Melalui empatinya, Che menulis lagu grunge berisi tema-tema yang memang hanya ada di Indonesia. Ambil contoh "Siklus Waktu". Lagu itu ditulis sebagai respon terhadap petaka terbakarnya dua bus sekolah di Situbondo dan tsunami di Aceh. "Siklus Waktu" tidak akan pernah bisa ditulis oleh dedenkot grunge yang hidup di Seattle.

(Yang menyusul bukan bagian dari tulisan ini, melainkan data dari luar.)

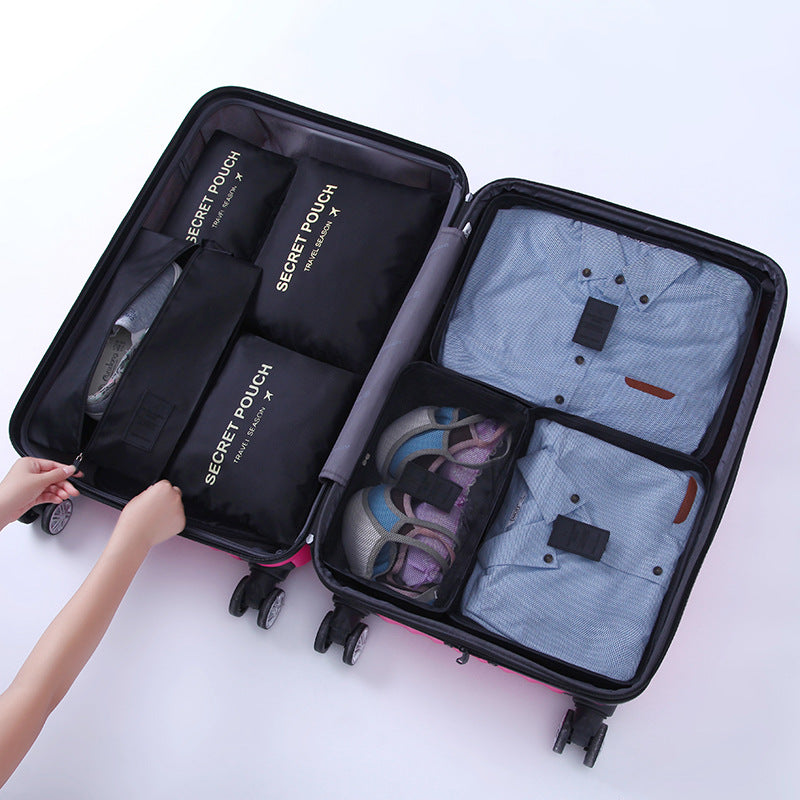 Travel Luggage Organizer Set Stornfield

Dalam kesempatan lain, Robi merasa sangat khawatir terhadap industri sawit di Indonesia yang demikian agresif dan sudah merusak ekosistem hutan. Dari kekhawatiran seperti itulah dia kemudian menulis lagu berjudul "Orangutan". Dia menggunakan orangutan sebagai simbol dalam narasinya tentang alam yang dirusak oleh industri sawit. Sekali lagi, "Orangutan" tidak mungkin dilahirkan oleh musisi grunge yang tinggal di Seattle
Melalui pemberontakan narasi, melalui tema-tema lagu, Che dan Robi membumikan grunge di Indonesia. Musisi dan penikmat grunge tanah air tidak lagi perlu terbelenggu dengan grunge rasa Amerika. Kita sah-sah saja menyanyikan lagu grunge bertemakan penggusuran pemukiman pinggir kali. Kita juga boleh saja, seperti yang diungkapkan Pandu (reporter LiniKini) dalam bedah buku petang itu, menjadi anak grunge tanpa keharusan untuk selalu mengenakan flanel dan tampil kucel. Grunge di Indonesia, disadari atau tidak, sesungguhnya sudah sangat membumi.